The government closed the school following a recommendation by the Schools Inspectorate on August 28th. The board duly resigned and the school principal Staffan Hörnberg was sacked after ten years in the post.
Lundsberg appealed to the administrative court (förvaltningsrätten) which on Friday overruled the Schools Inspectorate, announcing that the school should be kept open until the court reaches a final decision.
On Monday the school staff and students were waiting on information from the new board.
“I don’t know if the new chairperson will be in today. Media should really be handled by the board,” Söderman told the TT news agency.
Seven members of the school’s student population are not planning to return, with Söderman explaining that the recent disruption has led to them choosing other schools.

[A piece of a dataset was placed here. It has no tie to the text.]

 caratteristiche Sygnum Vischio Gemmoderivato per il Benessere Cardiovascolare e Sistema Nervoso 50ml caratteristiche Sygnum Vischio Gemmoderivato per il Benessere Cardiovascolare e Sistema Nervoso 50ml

The school, which is the alma mater of Sweden’s Prince Carl Philip and many other members of Swedish high-society, has been hit with a series of reports of students being assaulted in hazing rituals.
In May last year, students at the school spoke out after being forced into oral sex and eating manure. Speaking with Svergies Television (SVT), a former vice principal described the situation at Lundsberg as something out of Lord of the Flies.
In 2011, a student had their nipples burned with an electric fly swatter. .
Founded in 1896, Lundsberg was inspired by British boarding school tradition and currently has an enrolment of around 170 students, around 60 percent of which are boys.
In October of last year, the agency told the school that it will impose a 500,000 kronor ($75,000) fine if it didn’t act to stamp out the practice of bullying and violence among pupils.